▶ _EXERCISE PROMPT_:
All of the records below should be retyped exactly, with no pictures included.

━━━━━ GIVEN ENTRIES ━━━━━

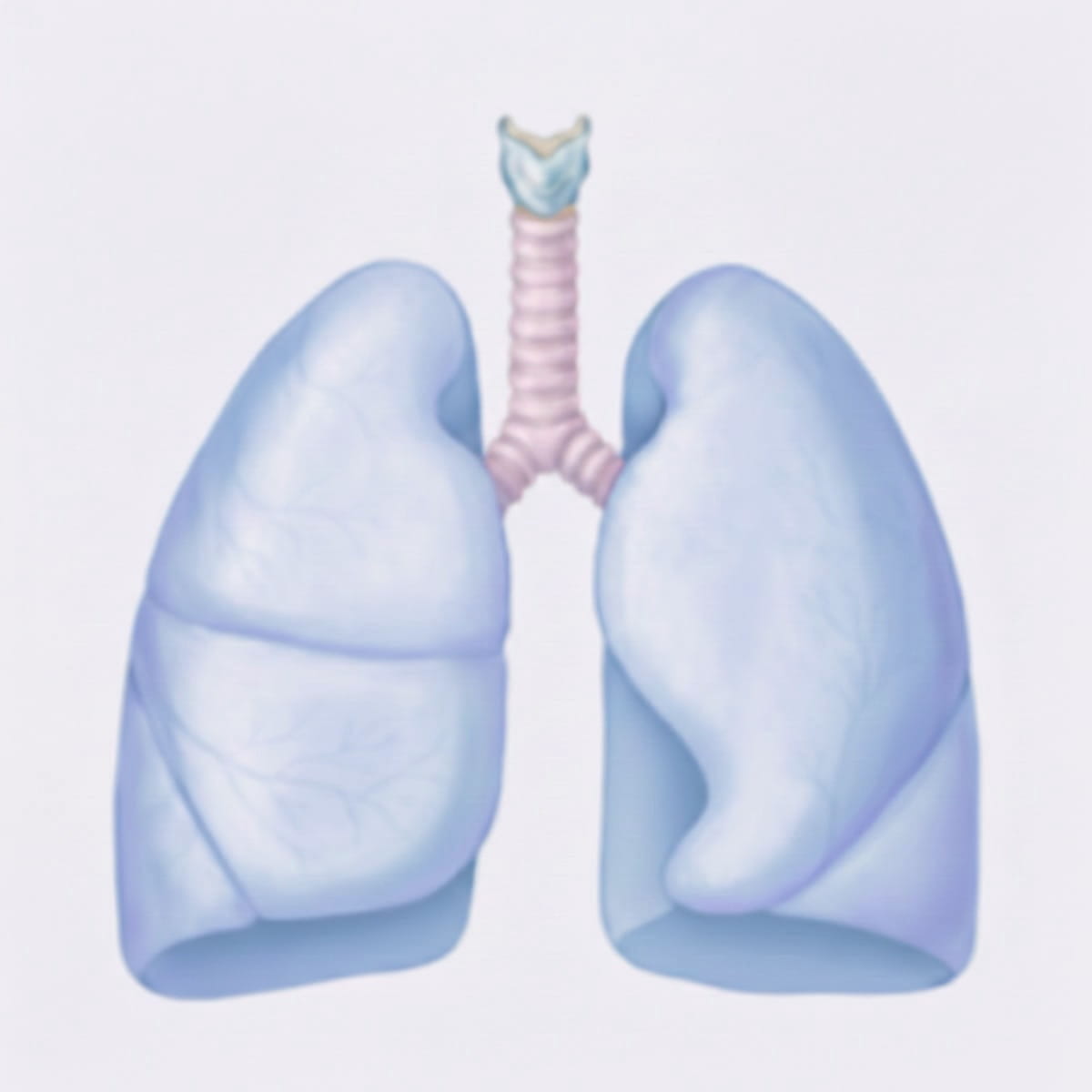 Дольки легких человека: схема правого и левого легкого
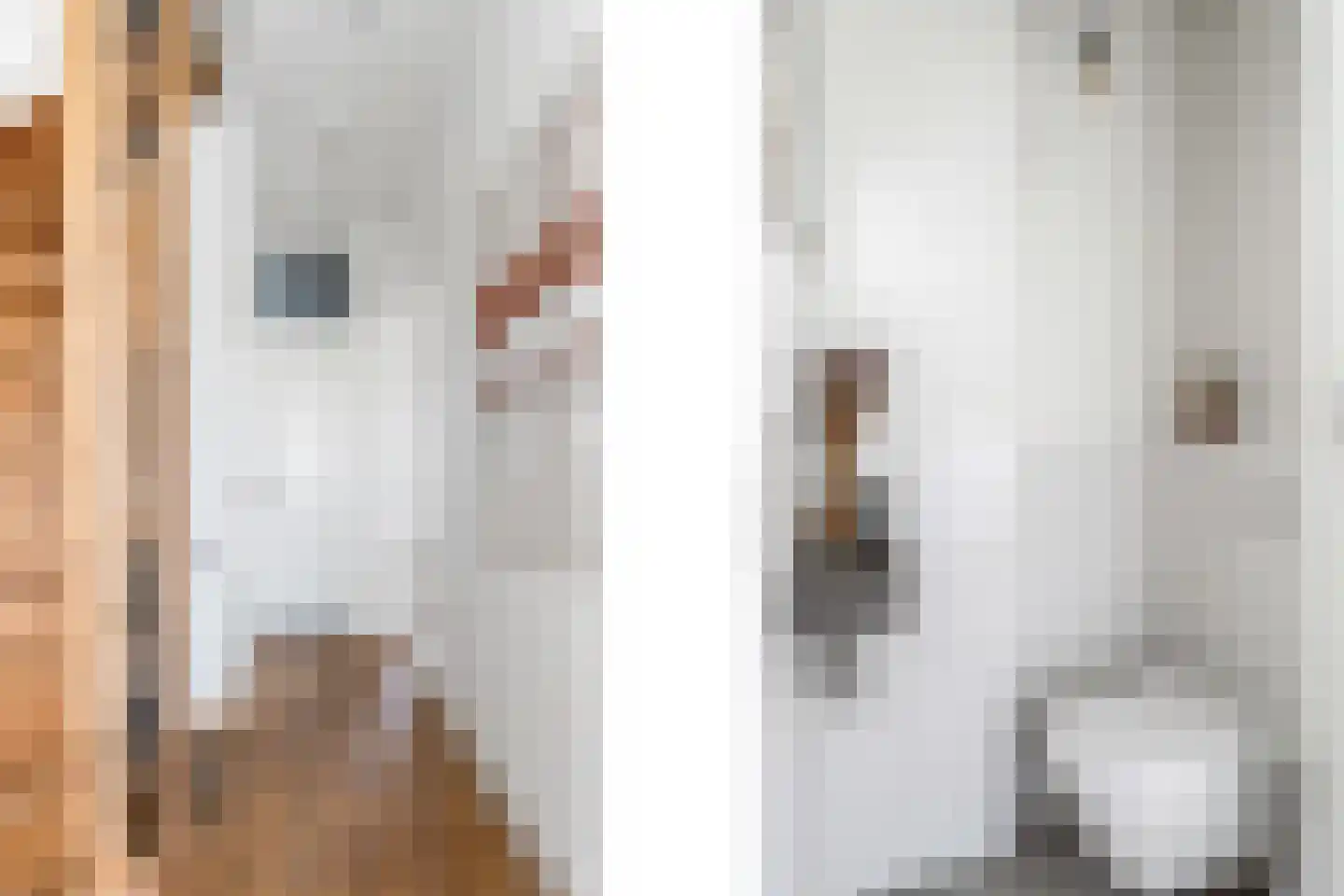 Jacob Catsstraat 45 Rotterdam thumbnail 25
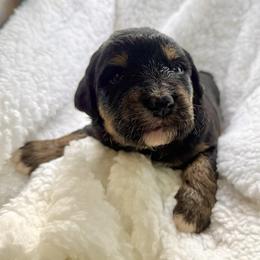 Coral - Black phantom female Assorted Doodle Crosses puppy in Waco, Georgia from Huff Family Doxies & Doodles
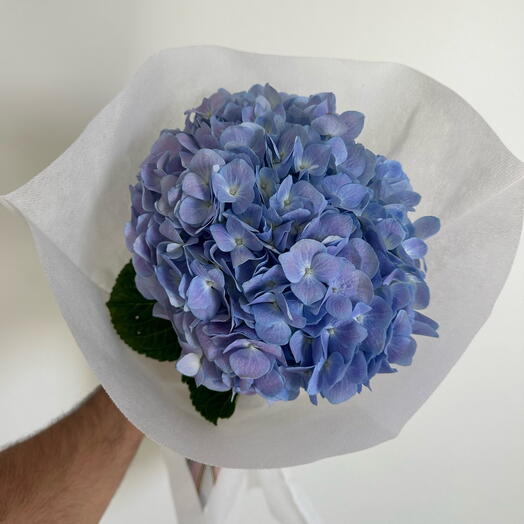 Hydrangea Holland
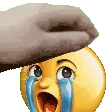 PetPet_Ugly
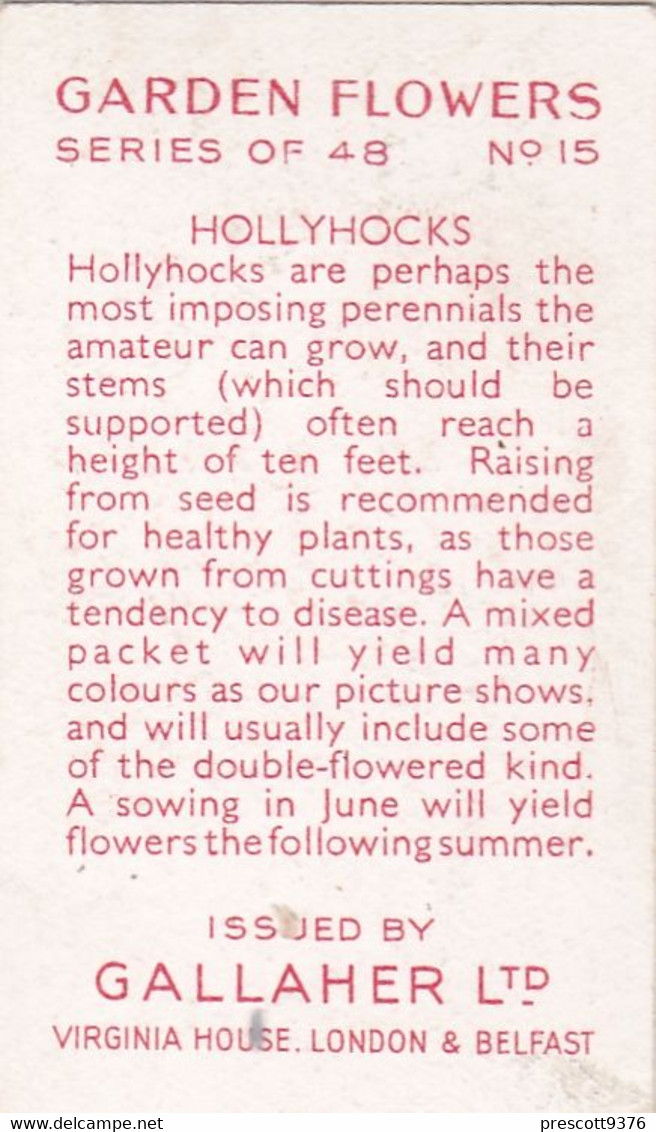 Garden Flowers 1938  - 15 Hollyhocks - Gallaher Cigarette Card - Original - - Gallaher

━━━━━

▶ _EXERCISE OUTPUT_:
 Дольки легких человека: схема правого и левого легкого
 Jacob Catsstraat 45 Rotterdam thumbnail 25
 Coral - Black phantom female Assorted Doodle Crosses puppy in Waco, Georgia from Huff Family Doxies & Doodles
 Hydrangea Holland
 PetPet_Ugly
 Garden Flowers 1938  - 15 Hollyhocks - Gallaher Cigarette Card - Original - - Gallaher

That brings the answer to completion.